Monster & Co.

Der Autor ist Schriftsteller und lebt in Belgrad.

Woodwork Squeeks And ... Out Come the Freaks"
– Out Come the Freaks, Was (not Was), 1981

Dragan Marković Palma: Kingpin im Angriff auf Europa

Er ist kräftig, hochgewachsen mit breiten Schultern, fantastisch dick, mit einem riesigen Kopf. Er hat einen Brustkorb wie ein Fell, einen Stiernacken, an dessen unterem Ende sich die Speckschichten aufeinander legen, und einen eindrucksvollen Schädel, der so sorgfältig rasiert ist, dass er unter der Sonne wie eine Billardkugel glänzt, jedoch noch intensiver unter Blitzlicht und Scheinwerfern, die ihn überall hin begleiten. Er trägt teure Anzüge, tadellose Hemden und eine ganze Sammlung von verschiedenen Seidenkrawatten und -schals. Er fährt in einer Limousine, die von schwarzen Hummer-Jeeps umgeben ist, in denen ebenso großköpfige Leibwächter zu sehen sind mit dunklen Brillen und Kopfhörern im Ohr.

Sie glauben, das ist der berüchtigte Kingpin, einer der gefährlichsten und bekanntesten Erzfeinde von Spiderman? Falsch.

Es geht um den Bürgermeister der serbischen Kleinstadt Jagodina (36.000 Einwohner), Dragan Marković Palma, geboren 1960 im Dorf Konačarevo bei Jagodina.

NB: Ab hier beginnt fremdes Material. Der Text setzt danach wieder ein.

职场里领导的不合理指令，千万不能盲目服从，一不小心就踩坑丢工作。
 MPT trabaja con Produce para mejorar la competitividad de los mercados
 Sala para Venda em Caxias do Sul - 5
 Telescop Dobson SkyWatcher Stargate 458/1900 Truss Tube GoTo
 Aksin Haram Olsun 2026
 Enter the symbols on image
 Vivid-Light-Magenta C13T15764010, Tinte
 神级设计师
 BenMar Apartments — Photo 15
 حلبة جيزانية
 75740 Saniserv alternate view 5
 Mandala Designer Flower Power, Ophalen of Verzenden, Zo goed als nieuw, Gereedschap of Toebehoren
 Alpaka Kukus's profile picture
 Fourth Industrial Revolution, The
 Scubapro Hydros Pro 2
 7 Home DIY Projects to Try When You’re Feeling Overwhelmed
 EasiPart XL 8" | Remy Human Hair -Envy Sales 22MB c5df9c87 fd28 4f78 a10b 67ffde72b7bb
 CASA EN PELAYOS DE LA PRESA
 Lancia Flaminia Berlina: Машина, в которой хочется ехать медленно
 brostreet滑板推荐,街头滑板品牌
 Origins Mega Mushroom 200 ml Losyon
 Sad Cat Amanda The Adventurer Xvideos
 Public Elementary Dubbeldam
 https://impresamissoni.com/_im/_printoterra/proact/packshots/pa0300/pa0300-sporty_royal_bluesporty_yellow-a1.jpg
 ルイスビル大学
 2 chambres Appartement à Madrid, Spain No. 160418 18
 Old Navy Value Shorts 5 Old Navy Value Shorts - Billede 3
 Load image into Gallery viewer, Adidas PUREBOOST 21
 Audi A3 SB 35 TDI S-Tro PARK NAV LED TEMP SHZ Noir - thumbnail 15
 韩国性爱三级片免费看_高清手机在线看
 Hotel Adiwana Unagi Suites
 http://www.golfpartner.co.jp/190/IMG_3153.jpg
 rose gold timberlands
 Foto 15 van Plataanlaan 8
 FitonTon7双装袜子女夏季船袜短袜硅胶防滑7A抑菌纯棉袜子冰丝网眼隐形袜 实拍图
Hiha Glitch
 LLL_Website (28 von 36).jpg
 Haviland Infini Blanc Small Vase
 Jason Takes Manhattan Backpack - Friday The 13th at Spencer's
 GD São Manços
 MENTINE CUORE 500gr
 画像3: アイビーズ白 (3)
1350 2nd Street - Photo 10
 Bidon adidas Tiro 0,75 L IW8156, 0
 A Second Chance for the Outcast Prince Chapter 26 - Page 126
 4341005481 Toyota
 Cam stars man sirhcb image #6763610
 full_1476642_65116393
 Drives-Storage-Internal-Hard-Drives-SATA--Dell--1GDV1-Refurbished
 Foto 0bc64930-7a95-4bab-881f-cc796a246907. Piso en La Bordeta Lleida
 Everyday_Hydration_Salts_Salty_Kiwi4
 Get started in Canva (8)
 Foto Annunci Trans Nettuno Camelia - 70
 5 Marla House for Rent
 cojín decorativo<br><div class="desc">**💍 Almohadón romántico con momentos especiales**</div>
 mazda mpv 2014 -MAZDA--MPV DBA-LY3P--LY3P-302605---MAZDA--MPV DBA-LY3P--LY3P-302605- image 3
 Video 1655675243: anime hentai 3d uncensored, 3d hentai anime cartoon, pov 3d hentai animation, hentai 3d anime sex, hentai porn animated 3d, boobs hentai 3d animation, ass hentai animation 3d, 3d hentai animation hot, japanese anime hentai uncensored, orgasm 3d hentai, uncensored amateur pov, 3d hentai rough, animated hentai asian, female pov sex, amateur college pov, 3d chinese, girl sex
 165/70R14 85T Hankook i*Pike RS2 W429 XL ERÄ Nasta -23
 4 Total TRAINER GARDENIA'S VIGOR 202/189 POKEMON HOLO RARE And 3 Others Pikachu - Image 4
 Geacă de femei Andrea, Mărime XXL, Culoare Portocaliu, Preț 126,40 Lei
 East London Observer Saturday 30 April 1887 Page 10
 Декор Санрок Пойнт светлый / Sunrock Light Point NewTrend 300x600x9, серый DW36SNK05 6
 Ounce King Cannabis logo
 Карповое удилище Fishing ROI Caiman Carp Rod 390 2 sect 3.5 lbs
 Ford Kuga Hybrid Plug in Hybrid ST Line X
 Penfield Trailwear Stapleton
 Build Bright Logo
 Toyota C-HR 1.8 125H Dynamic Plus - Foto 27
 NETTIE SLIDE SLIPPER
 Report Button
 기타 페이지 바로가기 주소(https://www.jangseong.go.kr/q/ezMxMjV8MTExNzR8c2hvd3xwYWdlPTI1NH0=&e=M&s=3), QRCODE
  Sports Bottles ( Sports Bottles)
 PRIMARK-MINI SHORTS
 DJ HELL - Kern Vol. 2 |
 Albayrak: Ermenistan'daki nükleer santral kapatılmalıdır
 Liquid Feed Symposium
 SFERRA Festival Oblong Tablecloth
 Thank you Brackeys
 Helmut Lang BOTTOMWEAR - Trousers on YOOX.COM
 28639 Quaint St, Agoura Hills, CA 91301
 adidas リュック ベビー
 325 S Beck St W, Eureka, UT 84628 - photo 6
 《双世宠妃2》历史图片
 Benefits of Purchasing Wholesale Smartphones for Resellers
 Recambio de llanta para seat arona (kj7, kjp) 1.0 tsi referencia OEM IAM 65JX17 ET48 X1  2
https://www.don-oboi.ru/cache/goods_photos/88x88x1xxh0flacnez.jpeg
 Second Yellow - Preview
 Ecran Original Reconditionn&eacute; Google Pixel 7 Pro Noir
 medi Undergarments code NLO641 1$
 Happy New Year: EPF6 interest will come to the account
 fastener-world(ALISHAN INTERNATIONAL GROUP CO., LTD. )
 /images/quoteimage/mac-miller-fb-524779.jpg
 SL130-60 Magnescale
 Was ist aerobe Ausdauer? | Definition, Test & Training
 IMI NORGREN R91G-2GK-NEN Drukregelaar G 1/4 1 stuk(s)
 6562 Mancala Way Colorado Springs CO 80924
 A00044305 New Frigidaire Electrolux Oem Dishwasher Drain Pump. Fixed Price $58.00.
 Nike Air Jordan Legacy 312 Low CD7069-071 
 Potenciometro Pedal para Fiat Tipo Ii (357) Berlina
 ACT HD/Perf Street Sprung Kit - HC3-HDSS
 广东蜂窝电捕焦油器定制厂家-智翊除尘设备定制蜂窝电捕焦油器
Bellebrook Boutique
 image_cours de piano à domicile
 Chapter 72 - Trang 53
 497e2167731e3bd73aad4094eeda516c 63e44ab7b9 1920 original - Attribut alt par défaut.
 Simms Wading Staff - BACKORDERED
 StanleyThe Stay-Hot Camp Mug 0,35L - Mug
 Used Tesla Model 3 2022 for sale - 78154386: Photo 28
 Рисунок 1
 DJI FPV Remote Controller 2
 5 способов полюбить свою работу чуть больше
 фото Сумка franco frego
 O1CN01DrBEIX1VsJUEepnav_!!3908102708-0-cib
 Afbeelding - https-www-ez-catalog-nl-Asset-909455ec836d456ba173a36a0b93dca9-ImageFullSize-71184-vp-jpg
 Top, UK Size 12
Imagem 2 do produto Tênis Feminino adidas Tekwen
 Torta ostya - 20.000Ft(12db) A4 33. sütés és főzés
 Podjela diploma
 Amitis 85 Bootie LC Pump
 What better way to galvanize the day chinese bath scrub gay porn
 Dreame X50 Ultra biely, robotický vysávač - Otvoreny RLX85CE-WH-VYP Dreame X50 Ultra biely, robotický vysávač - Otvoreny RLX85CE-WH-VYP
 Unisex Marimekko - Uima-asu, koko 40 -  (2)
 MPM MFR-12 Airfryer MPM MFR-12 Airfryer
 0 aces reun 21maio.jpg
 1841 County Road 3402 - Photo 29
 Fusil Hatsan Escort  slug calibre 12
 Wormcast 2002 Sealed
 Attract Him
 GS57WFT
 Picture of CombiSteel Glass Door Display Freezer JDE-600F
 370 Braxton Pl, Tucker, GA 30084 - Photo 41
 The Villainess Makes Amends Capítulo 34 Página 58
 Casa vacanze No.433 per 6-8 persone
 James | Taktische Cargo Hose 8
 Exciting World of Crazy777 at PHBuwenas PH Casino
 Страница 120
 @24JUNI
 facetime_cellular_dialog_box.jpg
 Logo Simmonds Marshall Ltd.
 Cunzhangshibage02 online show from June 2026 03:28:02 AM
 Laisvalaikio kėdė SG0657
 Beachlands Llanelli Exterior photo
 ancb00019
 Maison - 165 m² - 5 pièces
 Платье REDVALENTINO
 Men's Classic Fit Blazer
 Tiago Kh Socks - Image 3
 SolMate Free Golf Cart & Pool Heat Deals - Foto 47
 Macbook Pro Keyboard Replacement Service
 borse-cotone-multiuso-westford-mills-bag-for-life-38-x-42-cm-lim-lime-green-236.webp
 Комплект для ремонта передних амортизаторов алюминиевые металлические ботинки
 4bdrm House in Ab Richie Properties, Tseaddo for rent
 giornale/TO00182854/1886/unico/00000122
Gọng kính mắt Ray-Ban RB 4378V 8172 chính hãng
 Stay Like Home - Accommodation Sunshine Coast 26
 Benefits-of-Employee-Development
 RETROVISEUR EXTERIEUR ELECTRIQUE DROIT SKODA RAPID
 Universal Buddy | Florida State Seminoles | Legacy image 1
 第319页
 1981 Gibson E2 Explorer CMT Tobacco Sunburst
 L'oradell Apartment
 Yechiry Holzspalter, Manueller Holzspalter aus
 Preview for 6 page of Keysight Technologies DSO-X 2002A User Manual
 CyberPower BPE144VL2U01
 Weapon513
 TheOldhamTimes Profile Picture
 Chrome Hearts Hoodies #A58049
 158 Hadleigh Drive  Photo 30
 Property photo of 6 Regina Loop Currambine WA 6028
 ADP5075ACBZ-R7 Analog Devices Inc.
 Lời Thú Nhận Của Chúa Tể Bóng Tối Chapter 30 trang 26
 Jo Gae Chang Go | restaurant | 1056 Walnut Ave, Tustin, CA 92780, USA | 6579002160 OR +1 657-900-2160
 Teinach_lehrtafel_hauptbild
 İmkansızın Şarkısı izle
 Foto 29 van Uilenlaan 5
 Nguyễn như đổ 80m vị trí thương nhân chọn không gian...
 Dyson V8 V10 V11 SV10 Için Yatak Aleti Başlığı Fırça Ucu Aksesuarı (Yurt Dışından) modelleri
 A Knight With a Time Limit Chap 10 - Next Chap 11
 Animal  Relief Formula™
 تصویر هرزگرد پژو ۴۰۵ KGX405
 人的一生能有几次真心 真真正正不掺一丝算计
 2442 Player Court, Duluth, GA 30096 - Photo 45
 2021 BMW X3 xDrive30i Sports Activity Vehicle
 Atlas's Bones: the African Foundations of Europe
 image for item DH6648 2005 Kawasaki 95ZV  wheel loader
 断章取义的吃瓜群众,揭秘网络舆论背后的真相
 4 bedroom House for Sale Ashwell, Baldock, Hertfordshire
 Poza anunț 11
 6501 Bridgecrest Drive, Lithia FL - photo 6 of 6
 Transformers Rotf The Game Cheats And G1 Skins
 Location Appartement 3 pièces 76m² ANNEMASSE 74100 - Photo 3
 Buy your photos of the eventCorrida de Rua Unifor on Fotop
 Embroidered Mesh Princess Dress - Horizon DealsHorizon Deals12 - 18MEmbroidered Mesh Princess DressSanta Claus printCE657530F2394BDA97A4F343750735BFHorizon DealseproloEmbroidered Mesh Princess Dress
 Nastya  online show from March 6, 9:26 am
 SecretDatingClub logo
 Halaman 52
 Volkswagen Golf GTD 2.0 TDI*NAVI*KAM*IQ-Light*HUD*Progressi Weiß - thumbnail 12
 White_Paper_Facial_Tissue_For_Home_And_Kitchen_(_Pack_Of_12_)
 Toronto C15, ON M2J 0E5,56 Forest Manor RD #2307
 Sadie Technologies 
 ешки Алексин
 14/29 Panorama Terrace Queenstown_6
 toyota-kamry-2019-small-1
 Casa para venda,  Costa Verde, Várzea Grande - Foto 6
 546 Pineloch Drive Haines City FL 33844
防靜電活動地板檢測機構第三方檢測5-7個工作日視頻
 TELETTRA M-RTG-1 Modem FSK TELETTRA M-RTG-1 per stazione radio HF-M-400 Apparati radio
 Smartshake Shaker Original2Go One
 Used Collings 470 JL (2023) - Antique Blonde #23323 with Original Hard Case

Autoritär, nahe an der Selbstvergötterung und am primitivsten Populismus, Initiator eines unglaublichen lokalen Personenkults, wie es ihn wahrscheinlich von hier bis Nordkorea sonst nicht mehr gibt, Führer einer kleinen politischen Partei „Einiges Serbien“, ehemaliger Freund und enger Mitarbeiter des ermordeten Untergrundbosses und Kriegsverbrechers Željko Ražnatović Arkan, stolzer Besitzer des lokalen Fernsehsenders „Palma Plus“ und des Kickboxclubs „Palmas Tiger“, des lokalen Aquariums und des Zoos sowie der städtischen Eislaufbahn und noch einiger anderer Einrichtungen: So ist dieser erschreckend korpulente Mann das Bild, ja das Urbild eines serbischen Kleinstadtdespoten.

Aber noch mehr: Der genannte Dragan Marković Palma ist, kurz gesagt, der lokale Gott. Die Bürger der Gemeinde Jagodina verehren ihn bis zum Irrsinn. Sie umkreisen ihn, wo auch immer er sein mag – vorausgesetzt, es ist in der Nähe von Jagodina – und sehen ihn von unten mit riesiger kindlicher Erwartung an, wie man eben einen Gott ansieht. Oder wenigstens ein goldenes Kalb.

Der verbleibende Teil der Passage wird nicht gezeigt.